Assis sur sa moto «Djakarta» rose, Seydou Togola avoue que très souvent il écoute de la musique étant dans la circulation. «Je sais que ce n’est pas prudent mais je le fais, car écouter de la musique dans la circulation me met à l’aise», confie-t-il naïvement. Ce jeune enseignant du lycée Samba Soumaré de Lafiabougou ne se soucie guère de tous les dangers qu’il court et qu’il fait courir aux autres. Non loin de là, habillé en jean bleu et t-shirt jaune de marque « Lacoste », M.K explique que l’usage des écouteurs lui permet de se passer du bruit incessant de la circulation routière. C’est étonnant quand même. Ecouteurs placés aux oreilles, lunette sur le front, habillé en chemise grise et jean bleu, Bah Samaké aime écouter de la musique. A la maison, dans la circulation comme sur son lieu de travail, le jeune maçon de Sirakoro Méguétana porte toujours les écouteurs. «Chaque matin, en partant au boulot à moto, j’écoute la radio. Je reste avec mes écouteurs pendant toute la journée», di-t-il. «En circulant en ville, j’ai l’habitude de mettre les écouteurs sans pourtant écouter de la musique ou de faire des appels.
C’est arrivé à destination que je le fais», confie sagement un jeune motocycliste croisé sur la voie de Niamakoro, non loin de la tour d’Afrique. Débout sur son «X one» rouge, Seydou Camara pense qu’utiliser les écouteurs dans la circulation dépend de la volonté de chacun. «Dans la circulation, il y a ceux qui pensent que ce n’est pas bien. Mais une chose est claire : qu’on utilise les écouteurs ou pas, si le destin décide que c’est dans la circulation qu’on doit finir sa course, ce sera le cas tout bonnement», pense-t-il, fataliste. Si le port des écouteurs a ses adeptes, il ne manque pas non plus de détracteurs.
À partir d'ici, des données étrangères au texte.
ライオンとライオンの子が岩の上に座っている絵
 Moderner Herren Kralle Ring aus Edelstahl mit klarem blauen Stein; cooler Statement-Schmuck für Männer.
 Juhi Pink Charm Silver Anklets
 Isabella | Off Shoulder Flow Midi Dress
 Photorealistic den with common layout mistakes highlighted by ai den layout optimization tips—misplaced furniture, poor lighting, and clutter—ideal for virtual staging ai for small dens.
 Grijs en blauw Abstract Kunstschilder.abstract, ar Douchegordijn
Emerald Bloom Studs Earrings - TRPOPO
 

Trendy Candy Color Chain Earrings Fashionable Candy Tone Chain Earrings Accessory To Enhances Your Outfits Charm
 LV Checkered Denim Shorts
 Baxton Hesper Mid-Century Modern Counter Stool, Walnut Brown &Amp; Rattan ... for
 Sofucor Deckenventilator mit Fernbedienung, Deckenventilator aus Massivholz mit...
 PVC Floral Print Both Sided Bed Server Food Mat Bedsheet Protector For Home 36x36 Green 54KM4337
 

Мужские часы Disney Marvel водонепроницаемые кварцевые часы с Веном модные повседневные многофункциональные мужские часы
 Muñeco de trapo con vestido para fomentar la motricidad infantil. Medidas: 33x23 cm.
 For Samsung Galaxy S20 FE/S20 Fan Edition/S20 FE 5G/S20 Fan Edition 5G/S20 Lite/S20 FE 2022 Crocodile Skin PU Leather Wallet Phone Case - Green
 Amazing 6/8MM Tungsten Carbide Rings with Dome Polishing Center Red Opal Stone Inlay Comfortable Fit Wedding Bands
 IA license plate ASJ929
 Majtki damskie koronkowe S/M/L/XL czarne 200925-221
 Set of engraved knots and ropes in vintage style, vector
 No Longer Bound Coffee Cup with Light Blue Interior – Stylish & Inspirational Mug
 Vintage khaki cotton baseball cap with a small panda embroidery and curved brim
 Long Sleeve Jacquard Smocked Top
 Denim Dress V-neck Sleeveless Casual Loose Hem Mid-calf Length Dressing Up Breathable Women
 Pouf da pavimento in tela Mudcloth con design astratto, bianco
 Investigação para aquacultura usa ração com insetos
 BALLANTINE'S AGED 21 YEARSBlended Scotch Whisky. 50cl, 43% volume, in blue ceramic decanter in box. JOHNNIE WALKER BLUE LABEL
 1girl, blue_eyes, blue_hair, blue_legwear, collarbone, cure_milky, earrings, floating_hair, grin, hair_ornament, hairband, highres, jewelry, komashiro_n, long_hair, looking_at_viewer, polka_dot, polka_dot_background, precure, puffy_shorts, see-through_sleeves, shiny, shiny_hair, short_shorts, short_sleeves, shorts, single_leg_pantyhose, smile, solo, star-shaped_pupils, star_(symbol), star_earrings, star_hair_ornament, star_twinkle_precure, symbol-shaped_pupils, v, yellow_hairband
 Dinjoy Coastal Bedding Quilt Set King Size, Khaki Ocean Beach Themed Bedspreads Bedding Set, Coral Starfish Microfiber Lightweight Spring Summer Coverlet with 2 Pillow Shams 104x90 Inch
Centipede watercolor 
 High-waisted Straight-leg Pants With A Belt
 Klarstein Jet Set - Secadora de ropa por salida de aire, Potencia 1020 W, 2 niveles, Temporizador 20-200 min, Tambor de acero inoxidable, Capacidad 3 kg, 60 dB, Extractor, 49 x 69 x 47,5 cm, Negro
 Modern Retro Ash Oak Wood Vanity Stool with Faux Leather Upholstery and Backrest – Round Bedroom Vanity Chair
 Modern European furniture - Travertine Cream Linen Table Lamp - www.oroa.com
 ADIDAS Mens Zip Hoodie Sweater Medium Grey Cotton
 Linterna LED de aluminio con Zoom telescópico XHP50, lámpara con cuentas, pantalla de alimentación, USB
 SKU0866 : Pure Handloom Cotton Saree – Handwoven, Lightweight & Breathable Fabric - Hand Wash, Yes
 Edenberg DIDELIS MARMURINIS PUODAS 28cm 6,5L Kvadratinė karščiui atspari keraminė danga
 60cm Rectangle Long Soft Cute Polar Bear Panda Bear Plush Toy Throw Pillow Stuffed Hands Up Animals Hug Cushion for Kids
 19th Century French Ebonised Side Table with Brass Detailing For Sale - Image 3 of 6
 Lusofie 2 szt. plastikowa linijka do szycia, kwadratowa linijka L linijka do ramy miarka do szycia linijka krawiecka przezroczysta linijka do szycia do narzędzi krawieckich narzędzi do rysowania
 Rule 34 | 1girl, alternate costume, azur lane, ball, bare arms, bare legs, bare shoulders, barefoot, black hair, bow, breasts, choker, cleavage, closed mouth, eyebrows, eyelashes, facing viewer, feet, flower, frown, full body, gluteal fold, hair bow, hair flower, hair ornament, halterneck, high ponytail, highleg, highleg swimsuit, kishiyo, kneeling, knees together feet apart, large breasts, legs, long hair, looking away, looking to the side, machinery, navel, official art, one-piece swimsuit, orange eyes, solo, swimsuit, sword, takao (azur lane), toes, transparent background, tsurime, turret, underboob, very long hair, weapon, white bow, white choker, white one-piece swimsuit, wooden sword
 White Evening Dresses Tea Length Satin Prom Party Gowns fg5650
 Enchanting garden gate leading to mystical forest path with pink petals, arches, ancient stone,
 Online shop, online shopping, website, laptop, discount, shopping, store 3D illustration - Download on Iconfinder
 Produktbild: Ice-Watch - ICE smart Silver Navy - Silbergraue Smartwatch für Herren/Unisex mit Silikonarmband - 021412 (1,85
Contrairement à certains interlocuteurs, Moussa Kanta, fermier à Banankoro, pense que le port des écouteurs déconcentre l’usager de la circulation. Il estime que nombre d’accidents en ville sont causés par cette pratique. «En tout cas, je ne le pratique pas et je le déconseille à tous les usagers de la circulation qui le font», s’exprime-t-il. Ibrahim Gakou ne porte pas les écouteurs dans la circulation parce que tout simplement ce n’est pas autorisé par la loi. Visiblement prudent, les mains au guidon de sa moto, le jeune commerçant du Grand marché de Bamako regrette que cette pratique continue d’ôter la vie à nombre d’usagers de la route.
DES CAS D’ACCIDENT. «Par mois, on peut enregistrer 30 cas d’accident liés à l’usage des téléphones portables», affirme le Commandant de la Compagnie de la circulation routière (CCR), le commissaire principal, Abdoulaye Coulibaly. Il précise que cette pratique est fréquemment exercée par les hommes en général et la frange jeune en particulier. Il a rappelé que l’usage du téléphone portable dans la circulation routière est interdit par le décret 0413 du 27 septembre 2006 en son article 4 nouveau. L’infraction est réprimée et donne lieu au paiement de 15.000F CFA. «Cela est valable pour les motocyclistes aussi bien que les conducteurs de voiture», précise l’officier de police. Avec l’évolution rapide de la technologie, notre interlocuteur estime qu’une relecture ce décret est nécessaire pour ramener l’interdiction à «l’usage des téléphones dans la circulation». «De nos jours, on assiste à l’usage des téléphones à main libre, par Bluetooth, oreillettes. Toutes ces pratiques peuvent causer les accidents», indique le commissaire principal, ajoutant qu’arrêter cette pratique, c’est non seulement se protéger soi-même, mais aussi protéger d’autres usagers de la circulation. Enfin, le commandant de la CCR invite les usagers de la route à, non seulement éviter le port des écouteurs, mais surtout éviter l’usage même des téléphones dans la circulation. Il conseille tout conducteur de s’arrêter pour passer les appels…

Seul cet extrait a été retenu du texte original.